La muerte del fiscal Alberto Nisman de nuevo lo puso a prueba. Y Aníbal cumplió. Y volvió a justificar lo injustificable. En especial, las apuestas detectivescas de la jefa del Estado, que fueron desde el suicidio hasta el asesinato, de la sugerencia de una relación íntima entre Nisman y su empleado Diego Lagomarsino hasta la idea egocéntrica de que todo era un complot para terminar con ella. En las últimas horas, al incomparable jefe de Gabinete los hombres de la Presidenta que forman parte de la mesa chica le encomendaron una misión delicada y piantavotos. Uno de esos recados que ningún político con fantasía de ser elegido aceptaría hacer: ensuciar al fiscal muerto (pero ensuciarlo bien sucio) para terminar de embadurnar dos causas; la del fallecimiento de Nisman y la que se abrió contra la Presidenta y el canciller Héctor Timerman por el presunto encubrimiento del atentado contra la AMIA. Entonces Aníbal fue más Aníbal que nunca. Aprovechó el impacto de las fotos de Nisman con unas cuantas señoritas que fueron distribuidas a algunos medios por miembros de la Policía Federal, las mezcló con la última declaración de Lagomarsino en la que reveló que su jefe se quedaba con una parte de su salario y empezó a repartir estiércol con un ventilador gigante, sin medir los adjetivos, las repercusiones y el hecho de que ayer se cumplieron dos meses de la muerte del fiscal. Definió a Nisman como un "sinvergüenza". Lo consideró un ser incalificable que se dedicaba a "salir con minas" y "pagar ñoquis". Pegó más abajo todavía y entonces dedujo que usó la plata de la Unidad Fiscal Especial AMIA para eso y no para la investigación. Y encima lo contrapuso con el dolor de los familiares de las 85 víctimas. Cuando terminó de decir esas barbaridades, los usuarios de Twitter pagos del cristinismo lo felicitaron una y otra vez, y los habitantes del microclima en el que se mueve le volvieron a decir que era el mejor de todos.

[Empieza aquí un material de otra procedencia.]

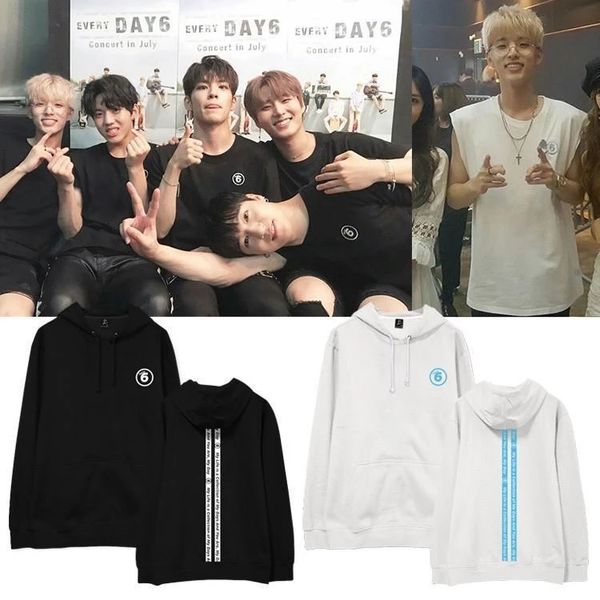 kpop день6 альбом hoodie hip hop повседневная сыпучие с капюшоном одежда пуловер печатается с длинным рукавом фуфайки wy1123, Black
kpop день6 альбом hoodie hip hop повседневная сыпучие с капюшоном одежда пуловер печатается с длинным рукавом фуфайки wy1123, Black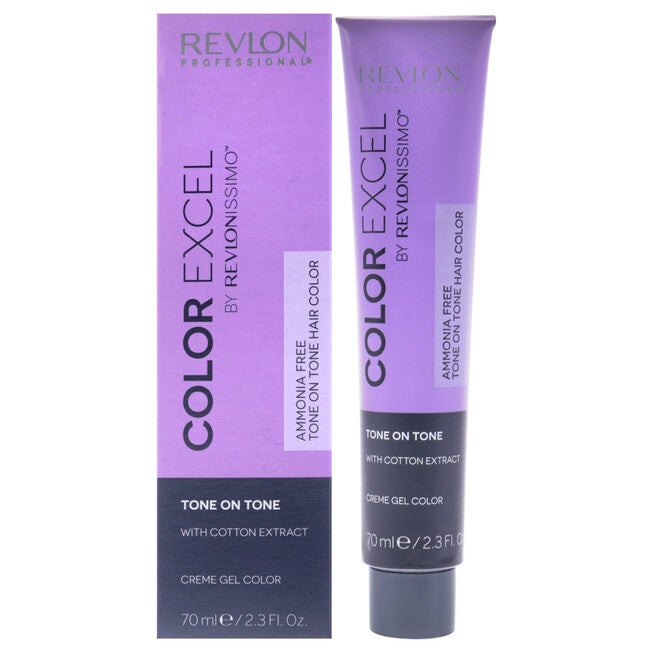 Revlonissimo Color Excel - 66.40 Intense Copper by Revlon for Unisex - 2.3 oz Hair Color, NA, hi-res image number null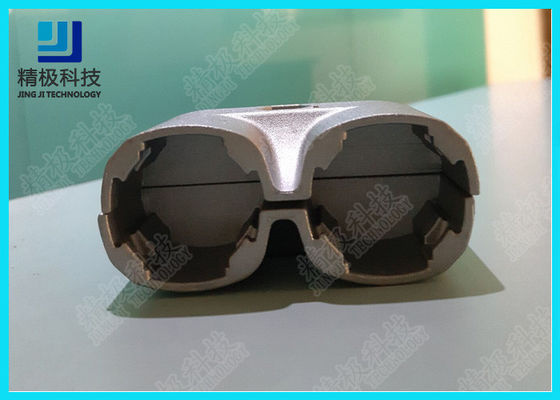 Parallel Double Aluminum Alloy Pipe Fitting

Ahora que los aplausos se detuvieron y el ruido de la militancia se empezó a acallar, es hora de decirle a Fernández que lo que hizo constituye no sólo un acto de cobardía política. También representa un acto de poca hombría para la vida en general. Porque es de poco hombre insultar, acusar y denigrar a alguien que no puede responder. Él debería saberlo, porque se la pasó repitiendo el mismo axioma ante cualquiera que osara "mancillar la memoria" del ex presidente Néstor Kirchner. Y también debería saber que sus insultos fueron percibidos no como una más de sus barbaridades sin filtro, sino como una falta de respeto. Como un signo de soberbia, prepotencia y mala educación.

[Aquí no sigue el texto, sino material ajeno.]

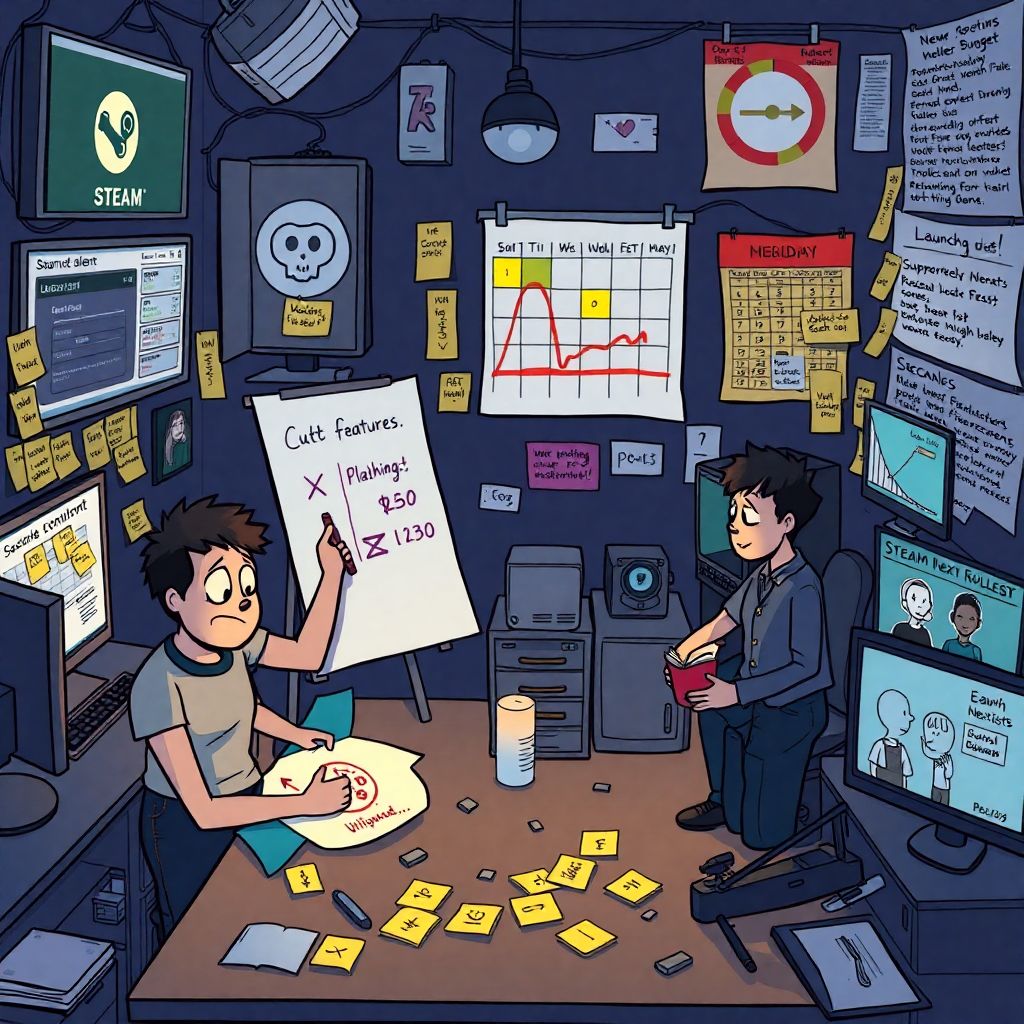 How to cope with financial setbacks during a game launch cycle effectively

Alguien debería decirle que cualquier cosa que Nisman haya decidido hacer con su vida privada no necesariamente servirá para descalificar su tarea como fiscal. Que facilitar la publicación de las fotos con chicas en una fiesta no transformará el Memorándum de Entendimiento con Irán en otra cosa que no sea un mamarracho. Que no logrará disipar del ánimo de millones de argentinos la indignación que sintieron por la reacción de la Presidenta y el Gobierno a horas de la muerte del fiscal. Alguien de su propia fuerza política debería decirle, sin que le temblara la voz, que Aníbal es un grosero y un irrespetuoso. La primera definición de un gran maleducado.